> **ACTION ITEM**:
Please repeat, exactly as written, every line from the one containing "view of patio" through the last line of the records, both included, and leave out any pictures.

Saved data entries
·····

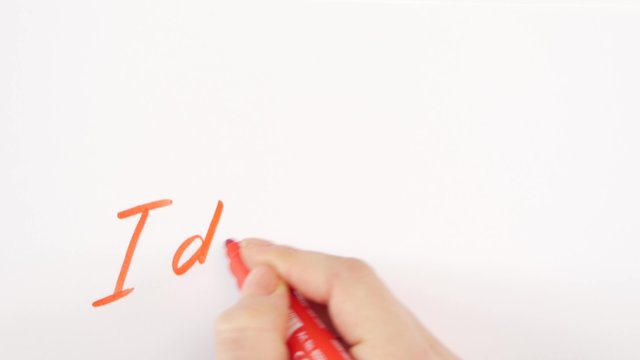 Hand of woman writing goal idea on paper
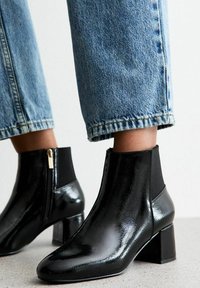 Botines negros de charol con tacón cuadrado, con paneles laterales elásticos y cremallera lateral. Llevados con unos vaqueros claros de mezclilla recortados.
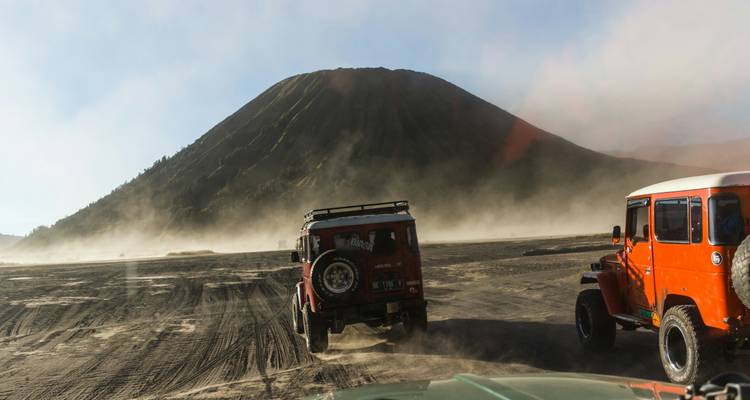 Dusty jeeps drive across the volcanic sands toward Mount Bromo under clear skies.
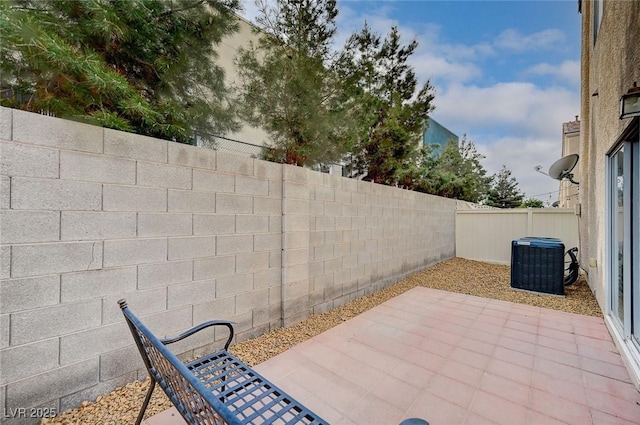 view of patio featuring central AC and a fenced backyard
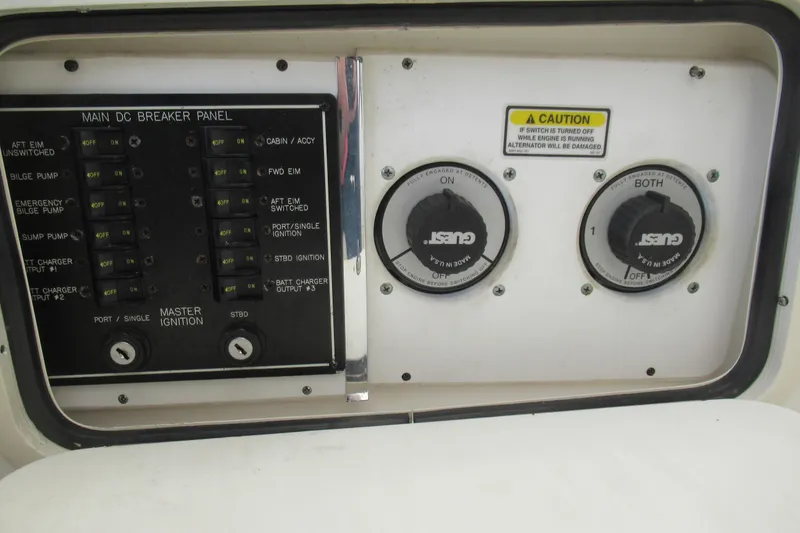Slide: The Image of Control panel of 2001 Searay 280 Sundancer boat with switches and caution label. - 39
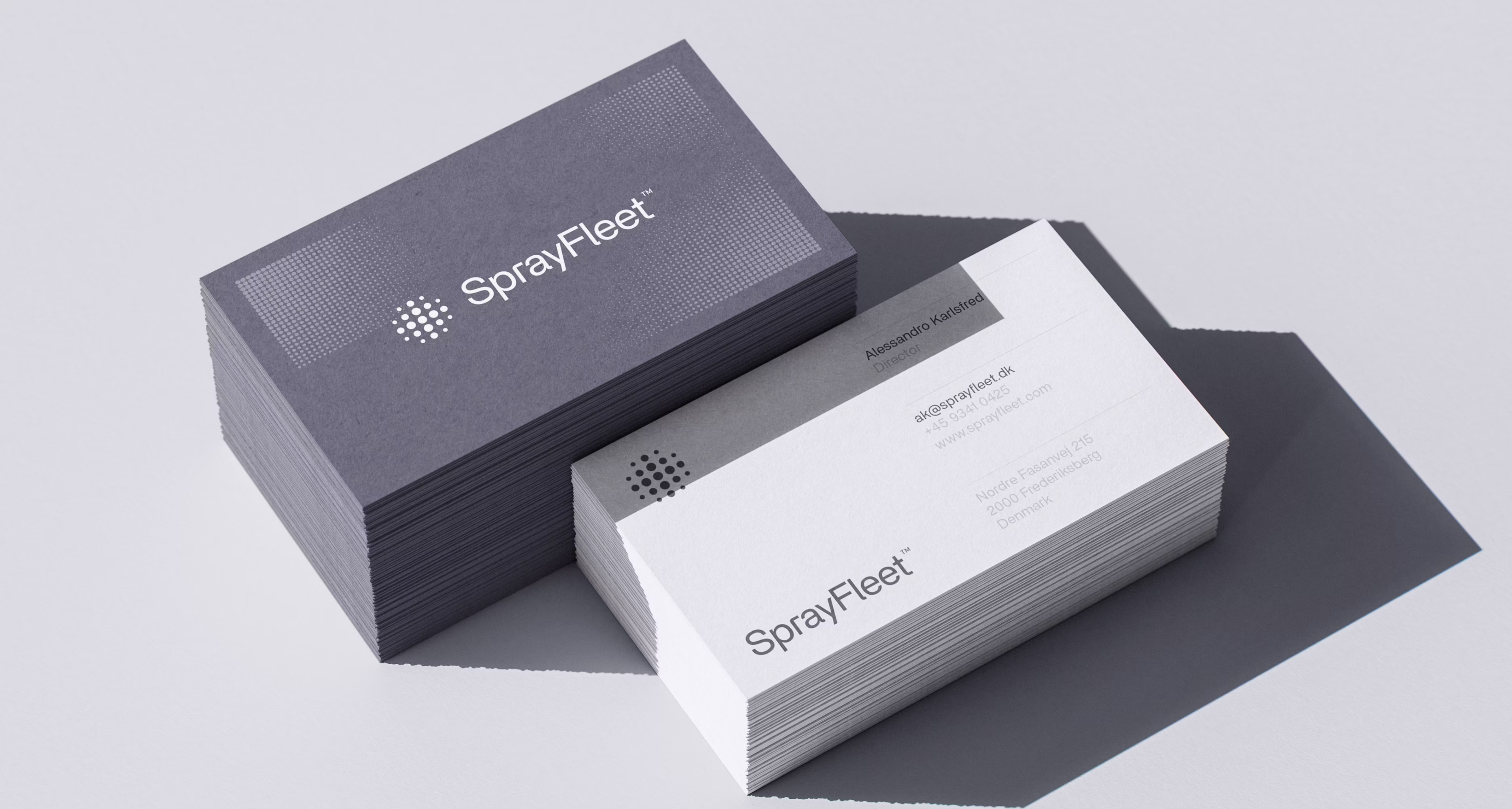 To stakke SprayFleet-visitkort, ét med mørkeblåt design og ét hvidt med kontaktoplysninger på Alessandro Karlsfred, Director.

·····

> **YOUR RESPONSE**:
 view of patio featuring central AC and a fenced backyard
Slide: The Image of Control panel of 2001 Searay 280 Sundancer boat with switches and caution label. - 39
 To stakke SprayFleet-visitkort, ét med mørkeblåt design og ét hvidt med kontaktoplysninger på Alessandro Karlsfred, Director.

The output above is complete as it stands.